Tuesday, January 10, 2006

Germany drops playing tag-along to France's vision of a world divided into rival poles 

posted by Erik @ 17:15

Merkel is a leader who focused her first major speech on talking about freedom to a Germany historically obsessed with stability as a greater virtue
writes John Vinocur. (Ray, at Davids Medienkritik, has more.) Emphasis mine (notably of the sentence involving France's poodle).
Who believes Europe can never become strong and united in opposition to America.

And who wrote into the coalition agreement linking her Christian Democrats to the Social Democrats (in a government of not terribly like-minded parties) that Germans have to be educated again on the United States as creative force - when the polls show America has come to be regarded here with real mistrust.

Karsten Voigt, the Social Democrat who is a holdover as coordinator for German-American affairs in the Foreign Ministry, has caught the new line: "Her positive America vision will have a real effect on policy. Freedom - it's very important to her. She means it."

This does not include German troops in Iraq. It involves telling Bush, as Merkel indicated over the weekend, that the Guantánamo Bay prison camp mustn't exist "in the longer term."

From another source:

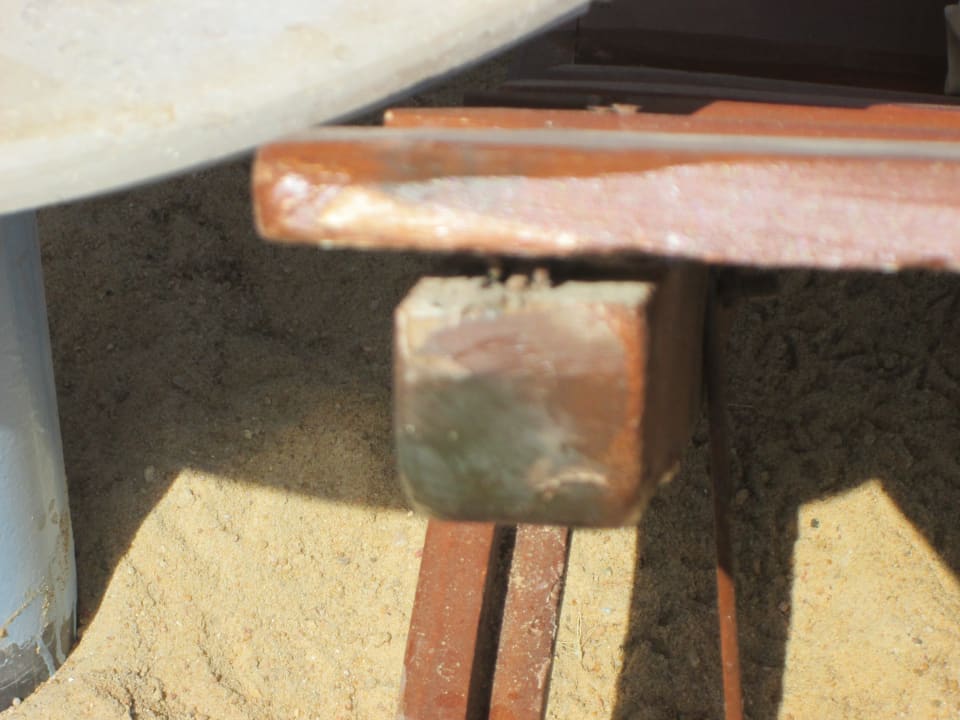 Sonstiges Riviera Aqua Park Resort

But it does signify, in relation to the Middle East, what Voigt called an emphasis on establishing new values there - "more human rights, more accountability. It's a gradual process, not an absolute approach."

… [Among the] examples, registered by visitors, of its anything-but-adversarial stance in relation to areas of American concern (no deep-reading or textual exegesis required): …

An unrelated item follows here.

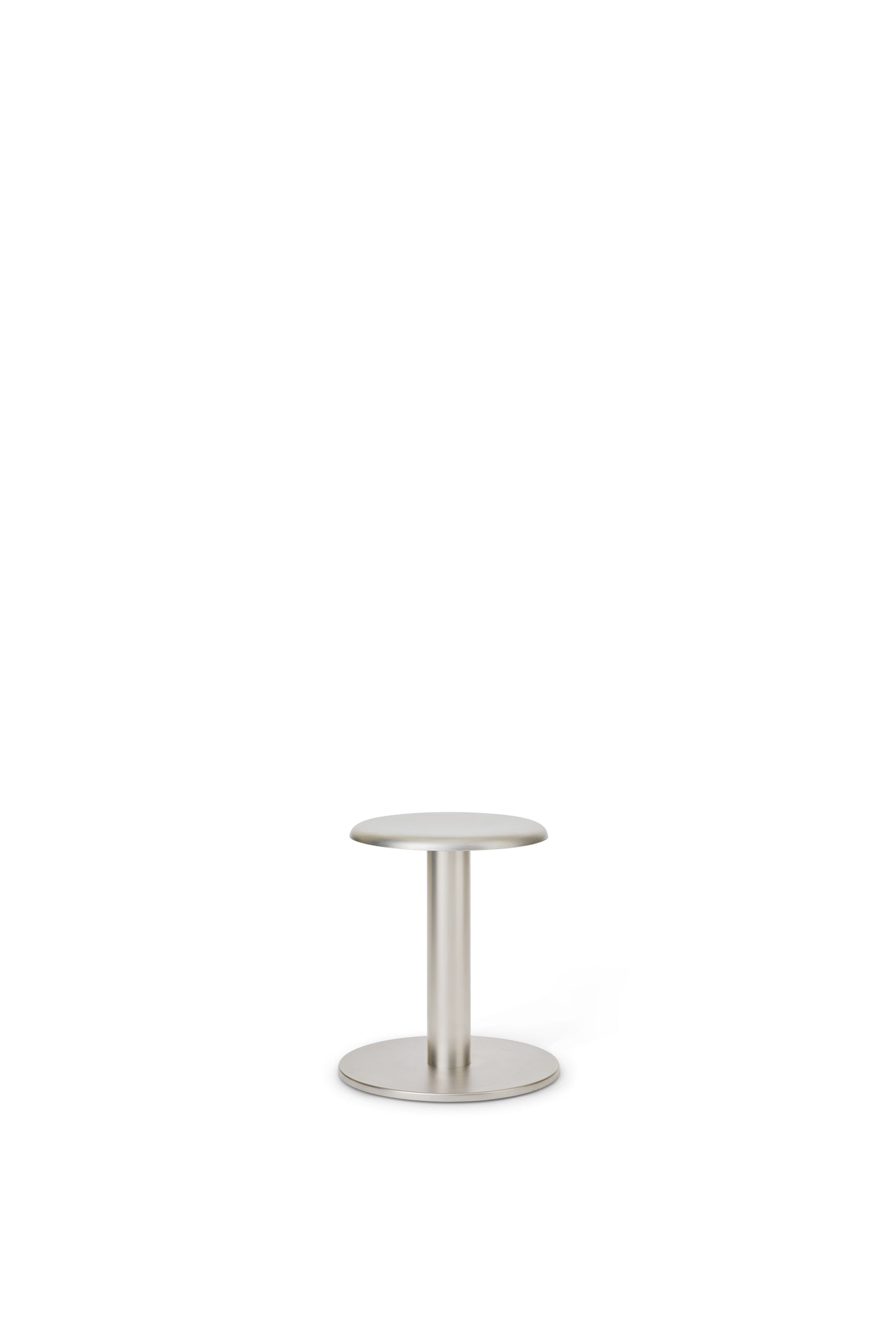 Coupe Stool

• A clear refusal to go along with French efforts to lift the EU's embargo on arms sales to China, while maintaining cooperation with France as a vital element of German European policy.

… Fundamentally, this means - my take here - that Germany drops playing tag-along to France's vision of a world divided into rival poles; stops demonizing the United States; and abandons as a serious mistake the France-Russia-Germany axis exemplified in Gerhard Schröder's seduction by Putin, the old KGB recruiter.


It's not overdone to believe these choices involve Merkel's deepest convictions. She is forever a child of the Soviet orbit and four decades of totalitarianism growing up in East Germany. In Merkel's mind, the Reagan years signaled the downfall of the old order and German unification, not marching in protest against America's missile and Star Wars programs.